# Cheapest place to buy SAP grill?



## Ozzhead (Jul 18, 2006)

As you know i recently bought a 06 black on black goat. Now im looking to get the SAP grill cause i love how it looks with the black. Wheres the cheapest place to buy? im sure its not cheap from GM. i was thinking fredbeans.com? anyone know anyone else cheaper? Also how long does it take to install?


----------



## ridgegoat (Jun 11, 2006)

Fred Beans seems to be a good place.

Good thread on the install:

http://www.ls1gto.com/forums/showthread.php?t=11850&highlight=grill+install


----------



## b_a_betterperson (Feb 16, 2005)

Fred Beans is good. Dublin GMC Buick Pontiac is something like a buck more. Depending on where you live, you could save a couple of bucks on shipping.

I put in a set of painted SAPs not too long ago. Here are a few things to keep in mind:

1. You really need to be careful removing the front bumper from the hooks underneath the headlights.
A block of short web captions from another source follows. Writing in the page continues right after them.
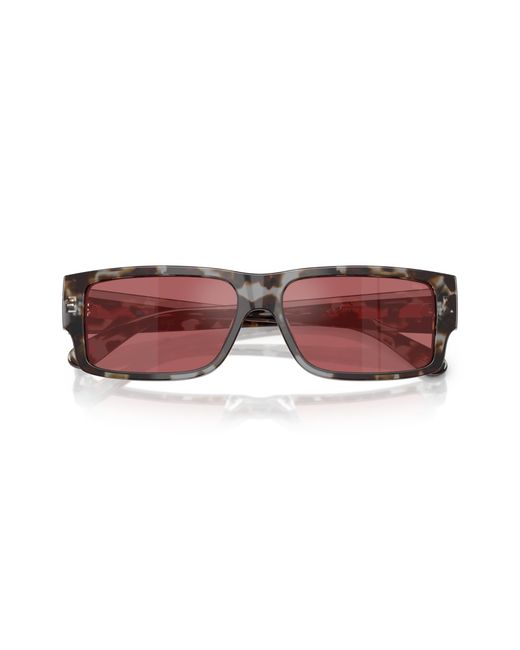 DIESEL Black Dl2003 723/B5 Sunglasses Acetate Squared Normal for men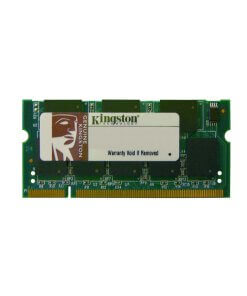 זיכרון כולל 512MB PC2700 non-ECC Unbuffered CL2.5 בצבע ירוק HyperX KSY-V505512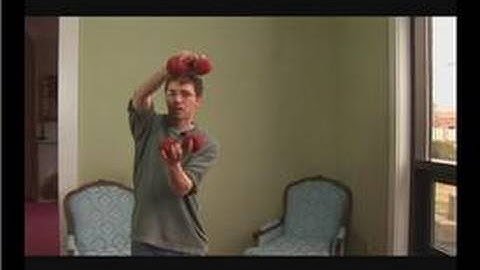 Juggling Balls : Multiplex Starts in 4 Ball Juggling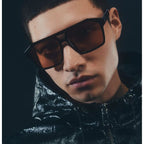 Soundcheck, Black/Apricot Polarised Lenses
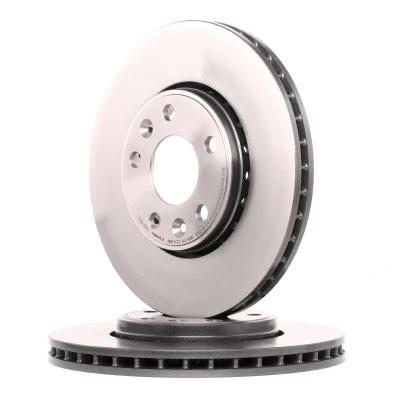 Imagen de BREMBO 09.B353.11 Disco de freno 296 26 5 ventilación interna revestido altamente carbonizado con tornillos RENAULT: SCENIC 3, GRAND 3 norauto,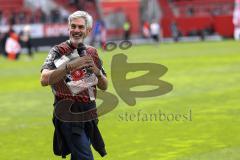 3. Liga; FC Ingolstadt 04 - VfB Lübeck; Italo Mele Stadionsprecher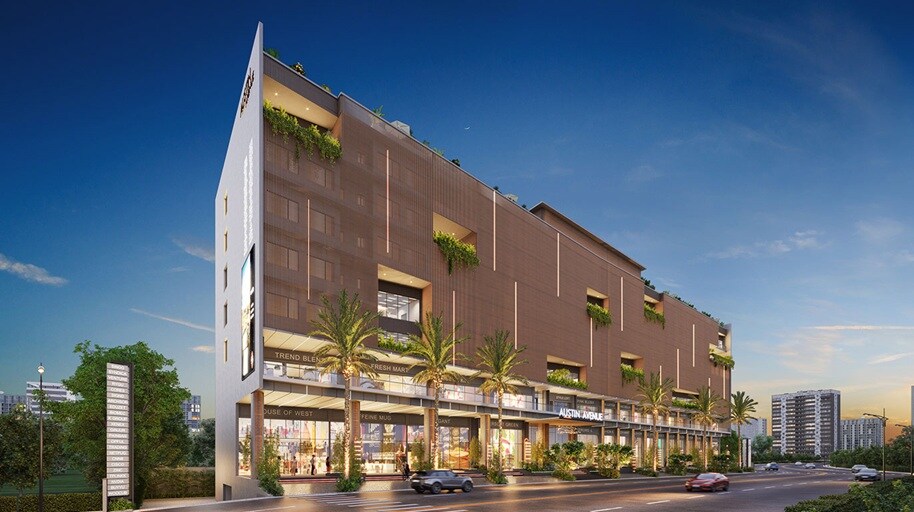 Austin Avenue Commercial Exteriors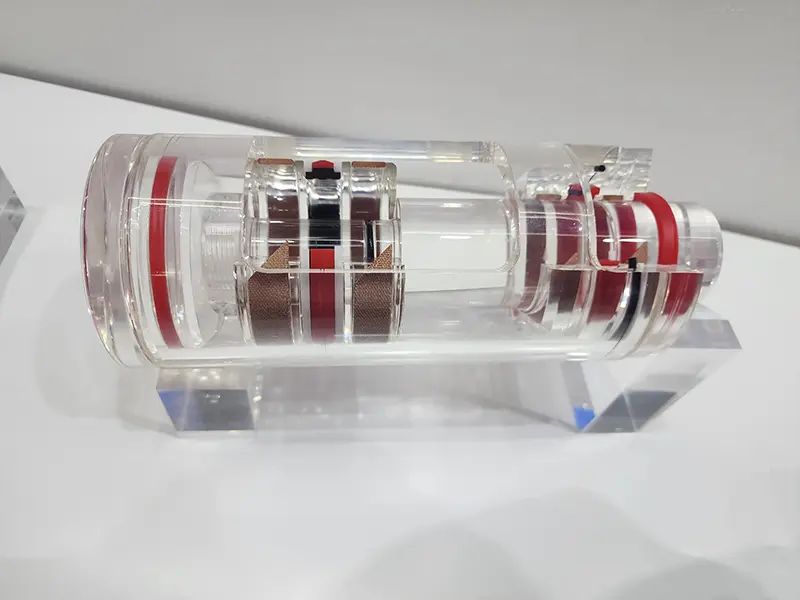 Heavy Duty Rod Seal Set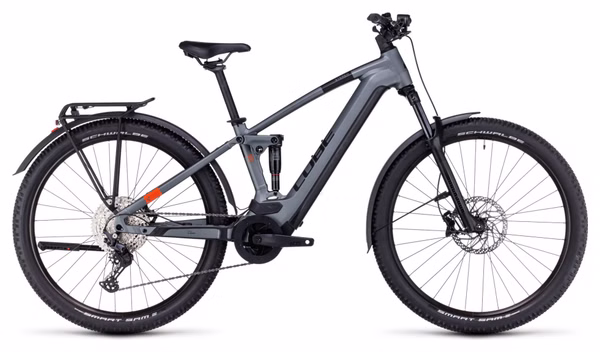 e mountainbike hardtail 2022 F5 Trail MINI-JAMON SERRANO ca. 1 TFT Display Farbe:Rattan / Grau Our F5 Trail 27.5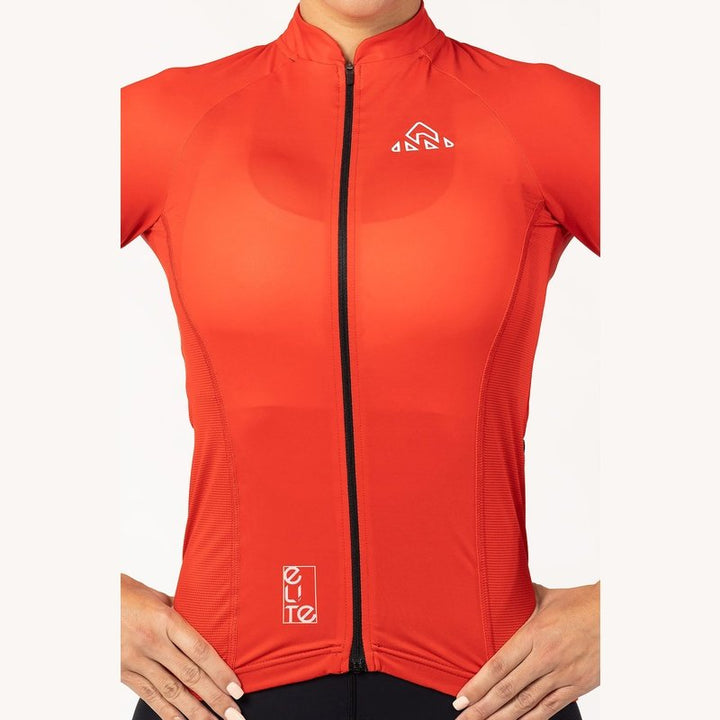 Onnor Sport Women's DNA Red Elite Cycling Jersey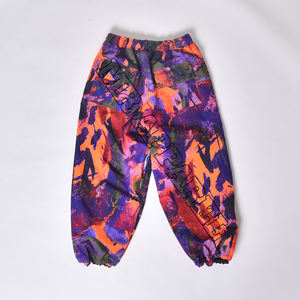 2025 hombres snowboard esquí holgado pantalones Cargo de gran tamaño térmico holgado cómodo paquetes de carga personalizado transpirable Snowboard - Product Image 2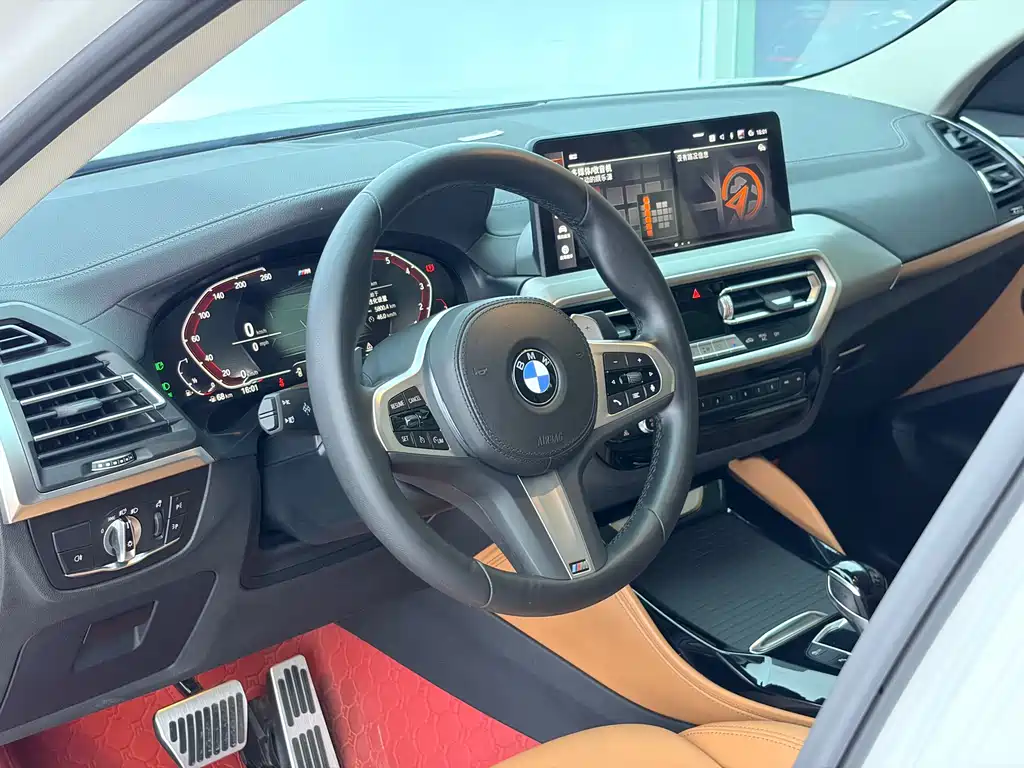 BMW X4 2022 xDrive 25i M Sport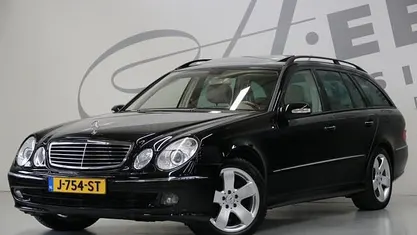 Zwart Gebruikt 2005 Mercedes 500 Elegance Stationwagen | € 11.750 (Super prijs)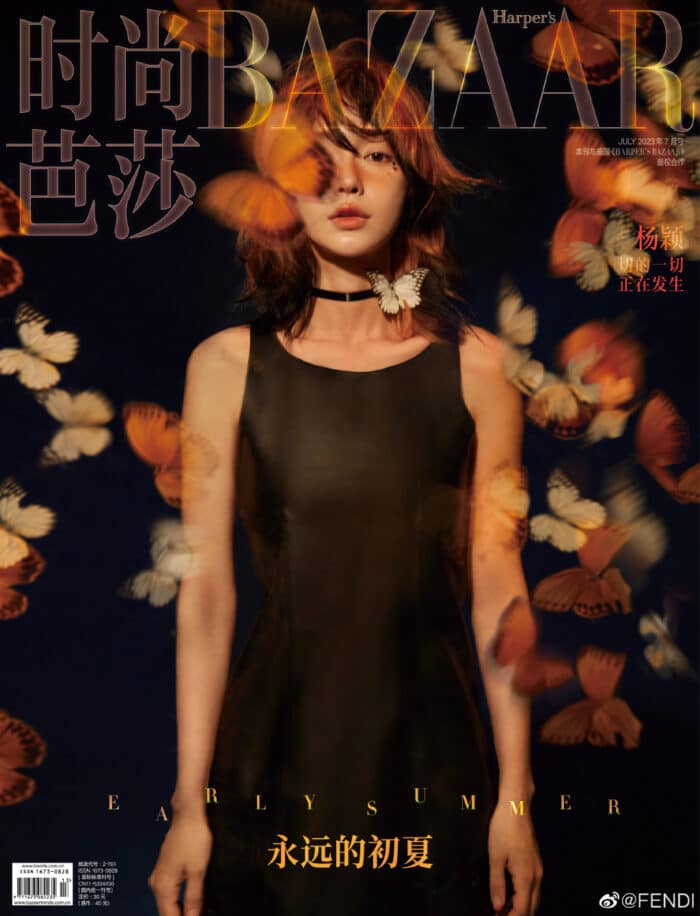Анджела Бейби в образе феи для Harper’s Bazaar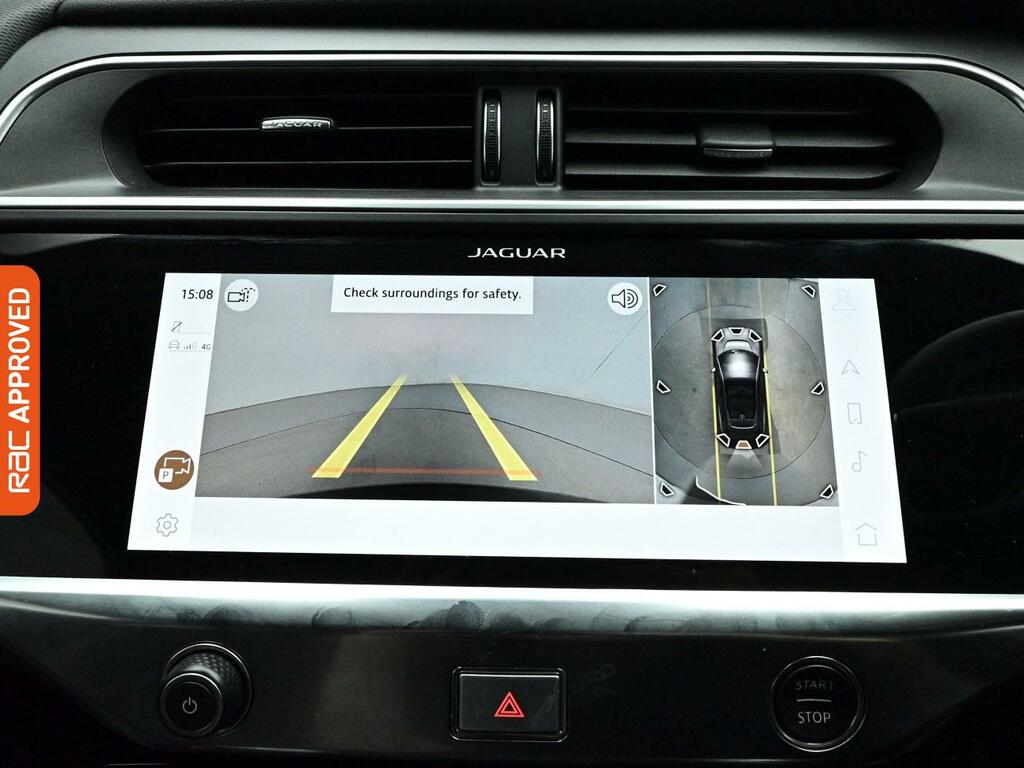 Jaguar I-Pace 400 90Kwh R-dynamic Hse Black Suv Aut Black #3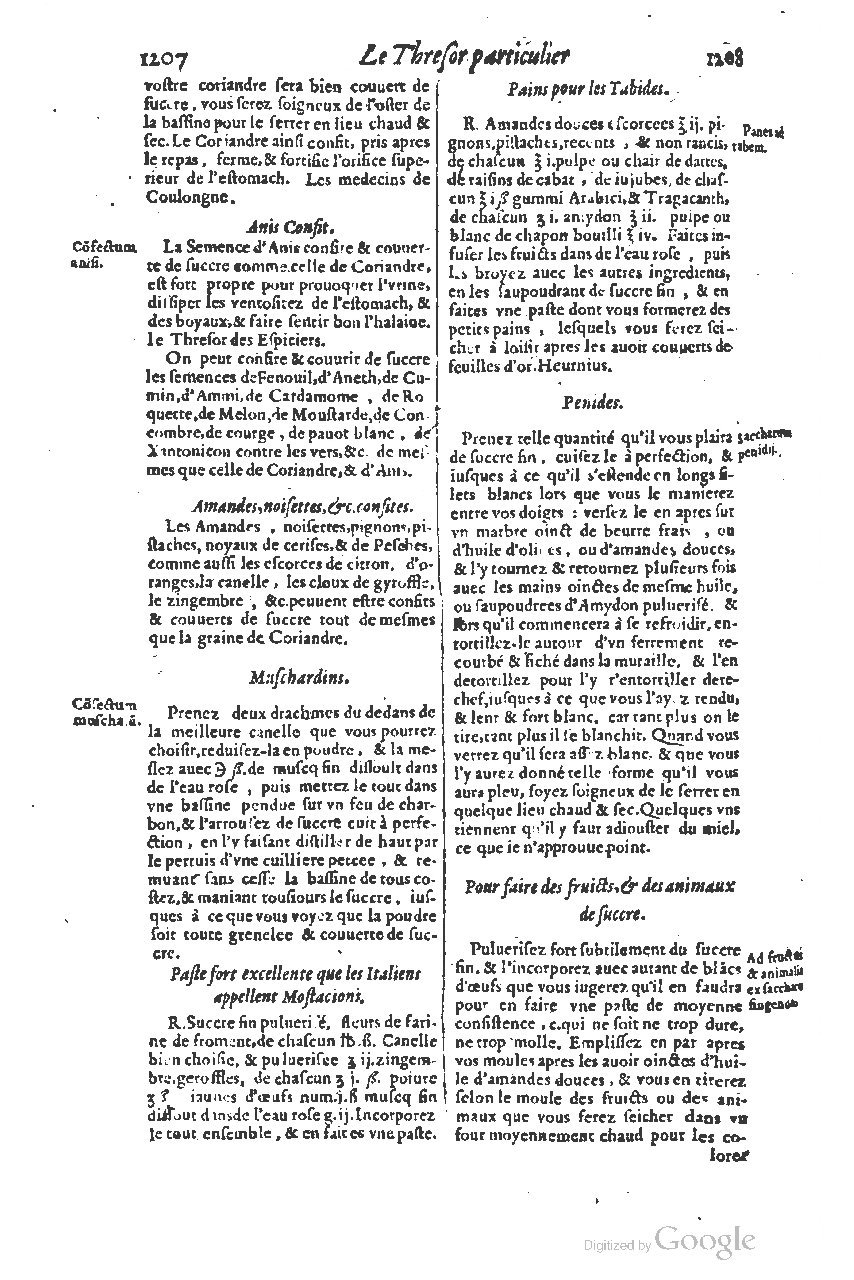 1616 - Étienne Gamonet - Grand trésor ou dispensaire - BSB Munich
Otherwise, you're going to break the hook bracket -- which will screw your bumper up if you can't repair it. No joke.

2. If you're getting the bezels painted, you're better off removing the grille from it instead of masking. Just sand the adhesive off the tabs and you're all set.

3. The razor blade like things that hold the SAP assembly to the front bumper really, really stink. The best way to put them on is to position them loosely in place with your fingers -- just push them down with a set of needle nose pliers.

Good luck. Overall, it's pretty straightforward. $200 for the grilles. $75 for paint. Around 45 minutes for the install.


----------



## Ozzhead (Jul 18, 2006)

auctally dublin is like 10mins away from where i live. Might have to go there to pick one up on friday.


----------